Les normes dites de «qualité» tendent aujourd’hui à s’imposer partout, y compris dans les écoles, les institutions sociales ou éducatives qui veulent (ou doivent) porter un «label» qualité, alors même que ce concept n’a aucun sens dans ce champ. Cette labellisation participe, comme les contrats de prestations, d’un découpage de l’activité humaine en autant de segments qu’il est nécessaire pour la faire ressembler au modèle économique dominant. Elle instaure un rapport de clientèle, d’offre et de demande, bref un rapport marchand dans la sphère non marchande.

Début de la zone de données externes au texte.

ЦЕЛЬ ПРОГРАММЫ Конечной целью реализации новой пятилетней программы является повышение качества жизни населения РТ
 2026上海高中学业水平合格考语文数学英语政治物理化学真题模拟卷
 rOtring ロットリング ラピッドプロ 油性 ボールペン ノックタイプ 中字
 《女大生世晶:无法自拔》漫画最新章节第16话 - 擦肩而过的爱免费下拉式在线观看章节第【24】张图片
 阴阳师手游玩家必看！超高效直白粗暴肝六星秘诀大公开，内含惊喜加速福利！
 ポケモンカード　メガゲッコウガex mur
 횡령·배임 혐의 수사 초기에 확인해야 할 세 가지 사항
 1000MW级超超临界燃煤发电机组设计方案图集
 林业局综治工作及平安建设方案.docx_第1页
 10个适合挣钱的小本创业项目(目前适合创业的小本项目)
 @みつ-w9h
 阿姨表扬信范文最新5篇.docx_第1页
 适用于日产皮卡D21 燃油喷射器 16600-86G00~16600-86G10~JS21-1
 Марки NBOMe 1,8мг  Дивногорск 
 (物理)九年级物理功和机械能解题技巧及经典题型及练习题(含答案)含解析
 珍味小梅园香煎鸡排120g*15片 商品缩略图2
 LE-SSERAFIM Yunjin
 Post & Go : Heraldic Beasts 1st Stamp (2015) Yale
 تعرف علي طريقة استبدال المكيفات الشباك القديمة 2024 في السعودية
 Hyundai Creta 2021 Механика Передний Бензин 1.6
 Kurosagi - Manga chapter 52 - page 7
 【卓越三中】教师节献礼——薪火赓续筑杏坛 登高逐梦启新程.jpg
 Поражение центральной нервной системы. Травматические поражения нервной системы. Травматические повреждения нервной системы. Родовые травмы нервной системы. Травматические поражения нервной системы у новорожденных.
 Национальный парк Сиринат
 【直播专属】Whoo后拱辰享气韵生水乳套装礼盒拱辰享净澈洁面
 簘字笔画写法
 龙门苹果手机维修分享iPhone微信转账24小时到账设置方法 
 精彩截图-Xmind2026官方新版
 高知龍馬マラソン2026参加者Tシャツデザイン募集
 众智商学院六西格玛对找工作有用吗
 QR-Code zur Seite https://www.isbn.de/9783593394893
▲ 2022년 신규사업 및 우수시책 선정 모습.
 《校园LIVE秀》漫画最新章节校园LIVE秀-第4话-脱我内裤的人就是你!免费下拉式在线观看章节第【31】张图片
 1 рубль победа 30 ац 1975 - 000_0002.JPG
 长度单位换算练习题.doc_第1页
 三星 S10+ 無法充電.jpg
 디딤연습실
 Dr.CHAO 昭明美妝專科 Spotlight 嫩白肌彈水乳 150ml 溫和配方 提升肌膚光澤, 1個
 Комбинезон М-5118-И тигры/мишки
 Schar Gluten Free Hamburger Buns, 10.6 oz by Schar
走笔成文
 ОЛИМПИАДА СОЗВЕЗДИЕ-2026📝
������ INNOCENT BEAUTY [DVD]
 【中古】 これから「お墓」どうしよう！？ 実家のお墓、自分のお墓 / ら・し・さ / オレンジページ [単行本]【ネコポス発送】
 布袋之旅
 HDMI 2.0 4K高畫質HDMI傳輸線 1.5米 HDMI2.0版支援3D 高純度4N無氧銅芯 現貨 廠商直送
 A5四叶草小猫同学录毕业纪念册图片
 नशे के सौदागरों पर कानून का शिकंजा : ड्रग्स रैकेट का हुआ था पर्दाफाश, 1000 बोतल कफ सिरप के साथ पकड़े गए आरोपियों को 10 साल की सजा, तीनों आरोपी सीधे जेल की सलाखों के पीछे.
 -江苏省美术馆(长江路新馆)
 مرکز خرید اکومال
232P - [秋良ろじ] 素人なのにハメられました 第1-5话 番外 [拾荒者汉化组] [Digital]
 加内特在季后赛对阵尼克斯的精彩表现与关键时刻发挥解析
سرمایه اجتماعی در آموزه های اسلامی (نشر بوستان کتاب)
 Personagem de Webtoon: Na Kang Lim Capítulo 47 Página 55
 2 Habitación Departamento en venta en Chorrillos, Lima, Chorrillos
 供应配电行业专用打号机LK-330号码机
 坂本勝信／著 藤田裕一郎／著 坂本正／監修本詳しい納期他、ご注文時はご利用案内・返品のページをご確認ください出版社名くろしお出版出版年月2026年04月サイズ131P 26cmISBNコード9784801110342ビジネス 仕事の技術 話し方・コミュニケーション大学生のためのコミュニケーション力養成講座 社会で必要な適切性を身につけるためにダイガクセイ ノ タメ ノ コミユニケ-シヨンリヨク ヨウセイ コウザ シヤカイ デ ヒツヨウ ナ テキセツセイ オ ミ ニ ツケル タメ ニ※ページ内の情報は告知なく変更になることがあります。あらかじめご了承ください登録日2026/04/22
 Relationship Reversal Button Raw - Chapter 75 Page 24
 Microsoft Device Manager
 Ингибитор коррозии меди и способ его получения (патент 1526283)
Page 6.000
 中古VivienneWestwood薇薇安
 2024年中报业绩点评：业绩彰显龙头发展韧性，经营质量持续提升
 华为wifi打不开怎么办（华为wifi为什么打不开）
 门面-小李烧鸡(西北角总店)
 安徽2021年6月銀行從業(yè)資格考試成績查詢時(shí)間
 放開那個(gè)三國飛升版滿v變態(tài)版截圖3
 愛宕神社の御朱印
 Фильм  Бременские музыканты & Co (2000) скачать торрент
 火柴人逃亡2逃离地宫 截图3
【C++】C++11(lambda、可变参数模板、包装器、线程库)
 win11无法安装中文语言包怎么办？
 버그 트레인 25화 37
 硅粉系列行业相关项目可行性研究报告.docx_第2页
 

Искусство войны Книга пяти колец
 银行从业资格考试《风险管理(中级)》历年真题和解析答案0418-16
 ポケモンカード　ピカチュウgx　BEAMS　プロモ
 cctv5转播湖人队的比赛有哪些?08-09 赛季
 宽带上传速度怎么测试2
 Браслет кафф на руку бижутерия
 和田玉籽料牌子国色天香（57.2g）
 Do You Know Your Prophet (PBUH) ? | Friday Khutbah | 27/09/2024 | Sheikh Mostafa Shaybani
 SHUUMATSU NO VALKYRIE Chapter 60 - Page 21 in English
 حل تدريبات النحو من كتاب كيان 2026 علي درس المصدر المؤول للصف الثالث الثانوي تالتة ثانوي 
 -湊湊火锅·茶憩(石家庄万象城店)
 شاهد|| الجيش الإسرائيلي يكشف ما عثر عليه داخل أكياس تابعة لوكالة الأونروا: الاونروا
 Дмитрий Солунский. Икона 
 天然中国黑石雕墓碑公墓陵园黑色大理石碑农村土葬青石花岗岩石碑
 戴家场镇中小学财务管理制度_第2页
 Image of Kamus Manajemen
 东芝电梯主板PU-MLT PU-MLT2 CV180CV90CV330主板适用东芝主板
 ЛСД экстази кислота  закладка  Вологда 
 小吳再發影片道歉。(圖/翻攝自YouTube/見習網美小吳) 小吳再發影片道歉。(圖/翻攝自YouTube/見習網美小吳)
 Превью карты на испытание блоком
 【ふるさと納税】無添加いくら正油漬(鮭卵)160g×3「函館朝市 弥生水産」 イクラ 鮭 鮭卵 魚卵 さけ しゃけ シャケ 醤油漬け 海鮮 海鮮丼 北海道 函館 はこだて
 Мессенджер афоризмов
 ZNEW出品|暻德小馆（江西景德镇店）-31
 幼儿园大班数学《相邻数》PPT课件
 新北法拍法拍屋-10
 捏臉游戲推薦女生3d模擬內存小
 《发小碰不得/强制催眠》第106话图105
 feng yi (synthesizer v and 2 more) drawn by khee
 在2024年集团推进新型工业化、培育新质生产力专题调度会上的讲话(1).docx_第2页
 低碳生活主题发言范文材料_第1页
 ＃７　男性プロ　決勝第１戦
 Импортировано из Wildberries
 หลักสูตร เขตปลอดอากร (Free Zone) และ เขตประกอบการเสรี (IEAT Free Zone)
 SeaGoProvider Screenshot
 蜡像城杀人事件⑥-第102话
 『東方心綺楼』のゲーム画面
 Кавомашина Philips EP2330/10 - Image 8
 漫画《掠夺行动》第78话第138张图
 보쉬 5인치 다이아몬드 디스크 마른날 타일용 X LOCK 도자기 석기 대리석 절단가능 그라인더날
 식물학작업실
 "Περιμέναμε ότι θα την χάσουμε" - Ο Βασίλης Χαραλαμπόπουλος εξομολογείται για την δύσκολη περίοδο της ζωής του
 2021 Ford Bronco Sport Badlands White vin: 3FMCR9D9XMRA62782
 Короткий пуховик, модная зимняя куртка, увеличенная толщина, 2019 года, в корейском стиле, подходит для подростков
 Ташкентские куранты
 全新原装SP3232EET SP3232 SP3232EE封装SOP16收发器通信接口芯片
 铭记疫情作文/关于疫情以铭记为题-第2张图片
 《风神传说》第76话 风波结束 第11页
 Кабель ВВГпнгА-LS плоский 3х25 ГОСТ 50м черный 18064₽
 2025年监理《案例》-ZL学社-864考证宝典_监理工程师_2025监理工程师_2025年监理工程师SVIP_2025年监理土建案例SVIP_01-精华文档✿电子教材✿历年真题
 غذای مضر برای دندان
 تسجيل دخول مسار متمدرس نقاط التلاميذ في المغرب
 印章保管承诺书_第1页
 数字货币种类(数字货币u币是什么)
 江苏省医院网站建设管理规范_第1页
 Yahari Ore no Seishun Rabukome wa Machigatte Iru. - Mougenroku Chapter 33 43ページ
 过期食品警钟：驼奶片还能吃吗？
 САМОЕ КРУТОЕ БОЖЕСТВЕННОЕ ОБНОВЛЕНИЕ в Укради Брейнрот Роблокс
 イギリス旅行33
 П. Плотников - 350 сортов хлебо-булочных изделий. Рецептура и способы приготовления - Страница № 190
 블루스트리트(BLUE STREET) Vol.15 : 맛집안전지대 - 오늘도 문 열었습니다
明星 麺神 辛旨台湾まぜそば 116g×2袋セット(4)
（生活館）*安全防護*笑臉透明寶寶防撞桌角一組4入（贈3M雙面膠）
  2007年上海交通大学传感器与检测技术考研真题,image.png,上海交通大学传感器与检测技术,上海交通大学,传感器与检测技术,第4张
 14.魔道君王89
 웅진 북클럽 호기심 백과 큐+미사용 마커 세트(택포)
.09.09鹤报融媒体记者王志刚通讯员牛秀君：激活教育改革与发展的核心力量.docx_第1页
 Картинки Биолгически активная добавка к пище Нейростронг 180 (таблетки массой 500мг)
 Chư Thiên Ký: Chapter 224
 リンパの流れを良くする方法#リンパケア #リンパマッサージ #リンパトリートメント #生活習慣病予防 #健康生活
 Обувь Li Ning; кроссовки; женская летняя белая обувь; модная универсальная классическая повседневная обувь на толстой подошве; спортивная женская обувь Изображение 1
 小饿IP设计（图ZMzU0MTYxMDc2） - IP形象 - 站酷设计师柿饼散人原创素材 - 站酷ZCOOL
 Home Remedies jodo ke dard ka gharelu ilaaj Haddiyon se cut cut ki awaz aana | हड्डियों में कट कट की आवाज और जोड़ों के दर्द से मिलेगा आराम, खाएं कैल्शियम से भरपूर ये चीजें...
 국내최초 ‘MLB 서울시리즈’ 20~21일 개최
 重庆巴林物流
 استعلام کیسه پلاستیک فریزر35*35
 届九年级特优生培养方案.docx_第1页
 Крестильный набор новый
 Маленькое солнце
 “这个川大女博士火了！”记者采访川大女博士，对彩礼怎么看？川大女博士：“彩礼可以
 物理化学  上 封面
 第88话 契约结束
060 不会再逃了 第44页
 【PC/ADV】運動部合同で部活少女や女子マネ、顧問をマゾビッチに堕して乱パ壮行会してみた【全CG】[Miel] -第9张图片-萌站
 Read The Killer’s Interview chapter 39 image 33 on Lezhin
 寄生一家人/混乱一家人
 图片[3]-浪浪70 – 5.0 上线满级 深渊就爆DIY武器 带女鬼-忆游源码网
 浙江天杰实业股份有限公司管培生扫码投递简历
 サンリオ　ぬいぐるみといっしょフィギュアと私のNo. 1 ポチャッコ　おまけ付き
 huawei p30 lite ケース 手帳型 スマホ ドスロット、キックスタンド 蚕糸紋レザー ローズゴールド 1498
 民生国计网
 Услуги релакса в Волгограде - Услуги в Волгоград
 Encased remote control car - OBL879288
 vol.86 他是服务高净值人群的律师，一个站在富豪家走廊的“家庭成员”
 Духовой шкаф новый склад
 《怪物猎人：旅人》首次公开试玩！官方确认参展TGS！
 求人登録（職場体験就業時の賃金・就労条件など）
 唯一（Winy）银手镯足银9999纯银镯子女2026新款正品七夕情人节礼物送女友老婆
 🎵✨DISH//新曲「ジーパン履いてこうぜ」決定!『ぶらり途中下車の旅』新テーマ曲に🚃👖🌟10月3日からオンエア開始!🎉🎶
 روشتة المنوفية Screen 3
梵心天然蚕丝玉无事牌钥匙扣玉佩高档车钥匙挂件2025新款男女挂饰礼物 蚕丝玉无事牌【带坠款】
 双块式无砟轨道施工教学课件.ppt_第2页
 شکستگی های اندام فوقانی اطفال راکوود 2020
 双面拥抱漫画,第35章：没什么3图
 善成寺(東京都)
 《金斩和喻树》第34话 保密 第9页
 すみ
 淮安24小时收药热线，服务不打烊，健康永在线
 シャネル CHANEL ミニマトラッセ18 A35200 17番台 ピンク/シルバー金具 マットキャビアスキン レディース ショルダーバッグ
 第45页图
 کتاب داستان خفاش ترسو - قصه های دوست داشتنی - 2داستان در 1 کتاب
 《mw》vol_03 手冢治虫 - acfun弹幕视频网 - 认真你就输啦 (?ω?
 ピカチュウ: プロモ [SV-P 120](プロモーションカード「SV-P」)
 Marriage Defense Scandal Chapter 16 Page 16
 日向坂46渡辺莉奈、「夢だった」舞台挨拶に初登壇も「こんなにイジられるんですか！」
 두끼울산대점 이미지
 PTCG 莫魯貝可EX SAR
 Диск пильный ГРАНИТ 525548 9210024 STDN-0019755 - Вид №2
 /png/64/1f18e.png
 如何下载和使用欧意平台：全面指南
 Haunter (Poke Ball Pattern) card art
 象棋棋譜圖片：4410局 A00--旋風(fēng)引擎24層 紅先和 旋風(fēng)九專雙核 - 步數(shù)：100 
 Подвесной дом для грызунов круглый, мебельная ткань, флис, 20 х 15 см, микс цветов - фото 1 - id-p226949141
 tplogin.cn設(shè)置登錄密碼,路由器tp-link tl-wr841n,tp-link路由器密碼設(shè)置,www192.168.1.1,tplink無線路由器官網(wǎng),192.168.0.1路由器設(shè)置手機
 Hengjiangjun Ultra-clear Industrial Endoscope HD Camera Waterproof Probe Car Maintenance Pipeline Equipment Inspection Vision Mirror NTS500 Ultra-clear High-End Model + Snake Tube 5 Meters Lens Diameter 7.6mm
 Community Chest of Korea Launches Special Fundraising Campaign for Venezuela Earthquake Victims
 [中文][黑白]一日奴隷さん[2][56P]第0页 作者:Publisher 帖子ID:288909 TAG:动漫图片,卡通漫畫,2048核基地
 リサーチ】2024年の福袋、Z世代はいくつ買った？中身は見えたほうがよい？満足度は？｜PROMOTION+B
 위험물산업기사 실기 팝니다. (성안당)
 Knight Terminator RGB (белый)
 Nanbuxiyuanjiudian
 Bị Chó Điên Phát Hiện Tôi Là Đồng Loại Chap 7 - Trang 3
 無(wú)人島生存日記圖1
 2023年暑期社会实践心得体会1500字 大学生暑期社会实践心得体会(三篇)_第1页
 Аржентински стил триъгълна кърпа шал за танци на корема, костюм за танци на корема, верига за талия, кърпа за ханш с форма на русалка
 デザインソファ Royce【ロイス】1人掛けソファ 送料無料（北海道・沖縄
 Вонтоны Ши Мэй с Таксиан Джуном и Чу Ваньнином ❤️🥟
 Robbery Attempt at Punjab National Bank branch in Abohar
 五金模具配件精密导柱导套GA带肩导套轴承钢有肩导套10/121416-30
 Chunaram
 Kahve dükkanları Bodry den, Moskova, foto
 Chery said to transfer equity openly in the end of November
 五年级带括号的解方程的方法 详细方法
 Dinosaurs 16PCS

Ces politiques changent fondamentalement le travail social et éducatif et instituent de nouveaux rapports sociaux. Elles sont en rupture avec les principes qui organisaient le travail social ou éducatif. L’introduction de ces normes change le type de travail social effectué, mais il le fait subrepticement, sans s’y affronter de front: personne ne dit que le métier doit changer, mais un changement s’impose, conforme à l’orthodoxie économique du moment, par le biais de normes de type administratif et bureaucratique.
L’on peut donc se demander si ce n’est pas, par certains côtés en tous les cas, un nouveau travail social qui se dessine, basé sur une vision nouvelle des problèmes et des solutions à apporter et sur de nouveaux types de professionnels. Ce nouveau travail social émergeant doit être questionné dans ses fondements et ses conceptions d’autant plus fortement qu’une nouvelle hiérarchisation des professions sociales se dessine.
Dès 2002, les experts du social et de la santé seront formés dans les HES. En parallèle, de nouvelles formations moins qualifiées se mettent en place: des apprentissages, comme celui de «sociagogue (accompagnateur/trice de personnes âgées)» 7 qui vient de débuter; de nouveaux «apprentissages sociaux» 8 (3 ans), qui s’introduisent en Suisse alémanique aujourd’hui; les apprentissages d’«opérateur socio-assitanciel» 9, option aide familiale ou option institution sociale, qui se développent au Tessin (2 ans de formation), ou encore les maturités professionnelles en projet dans les domaines de la santé et du travail social.
Le risque est grand que certaines des «prestations» désormais codifiées, labellisées et simplifiées des travailleurs sociaux soient bientôt elles aussi «externalisées» et données à effectuer à des personnes moins bien formées, moins qualifiées et moins rémunérées, au plus grand dommage des bénéficiaires devenus, bien malgré eux, des «clients».